The trial court carefully considered each of these prongs and cited adequate, substantial evidence in the record to support its conclusion that each had been proven by clear and convincing evidence. In a comprehensive written opinion, the trial court detailed the facts pertaining to the family history here and DYFS's involvement which need not be repeated here. We summarize the salient facts.
The first prong of the analysis requires a determination whether the child's health, safety or development has been endangered by the parental relationship. N.J.S.A. 30:4C-15.1(a)(1); In re Guardianship of K.H.O., 161 N.J. 337, 347-48 (1999).
DYFS received its first referral regarding these defendants in February 2006, when a call to its hotline reported that J.M.E.'s three older children had missed significant amounts of school. J.M.E. told the DYFS responders that her oldest son, "Warren," was missing school because he had cluster headaches and would be home schooled and also because she had cancer and was receiving treatment at Jefferson Hospital. DYFS did not substantiate abuse or neglect. However, it is now undisputed that J.M.E. did not have cancer; she was not receiving treatment at Jefferson Hospital; and Warren was not being home schooled.
The first substantiated allegation against defendants was made following Roy's birth in June 2006, when he tested positive for cocaine. He remained hospitalized for approximately two months while his severe withdrawal symptoms were treated.

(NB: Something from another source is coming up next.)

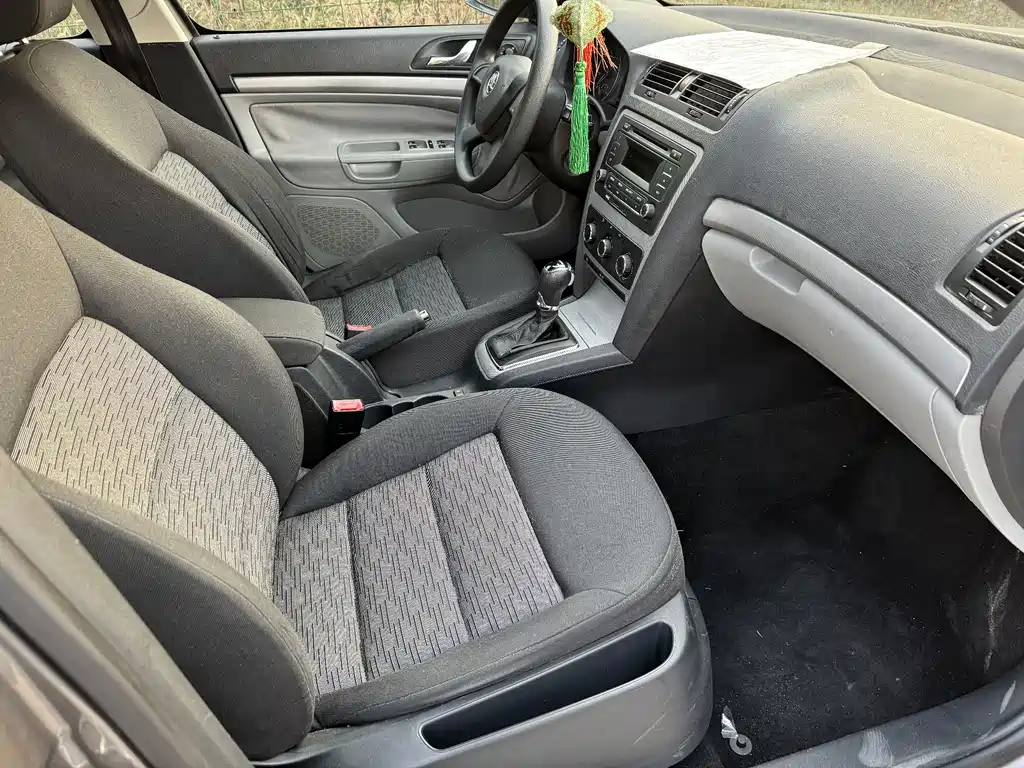 Skoda Octavia 2014 — фото 11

J.M.E. tested positive for cocaine at the time of Roy's birth and continued to abuse drugs during Roy's hospitalization, testing positive for both cocaine and opiates in July and August 2006. She visited him in the hospital only two times.

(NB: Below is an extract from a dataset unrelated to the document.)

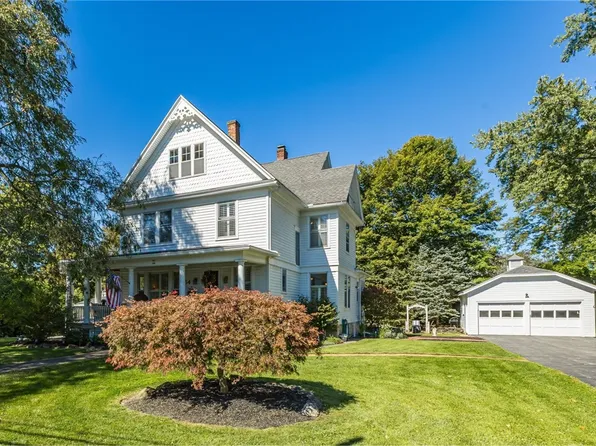 54 East St, Honeoye Falls, NY 14472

Warren, sixteen years old at the time of the hearing, testified that J.M.E. used drugs almost every day. She lied to the children, telling them that she had cancer and that the drugs were for her cancer. She brought the children when she went to buy crack, making them hide in the trunk of her car. Warren testified that when J.M.E. snorted crack, she was up for days and then would sleep for a week or more when she crashed. He was in charge of the other children, taking money from R.J.N., Jr.'s wallet to buy food. He stated that sometimes there was not enough food and he was accustomed to being hungry but worried about the younger children. After J.M.E. and R.J.N., Jr. split up, J.M.E. left the children alone for three or four days at a time and Warren had no way to contact her. Warren further stated that he did not attend school for over two years, that his brother and sister missed almost as much school, and that J.M.E. had lied when she told the school he was being home schooled.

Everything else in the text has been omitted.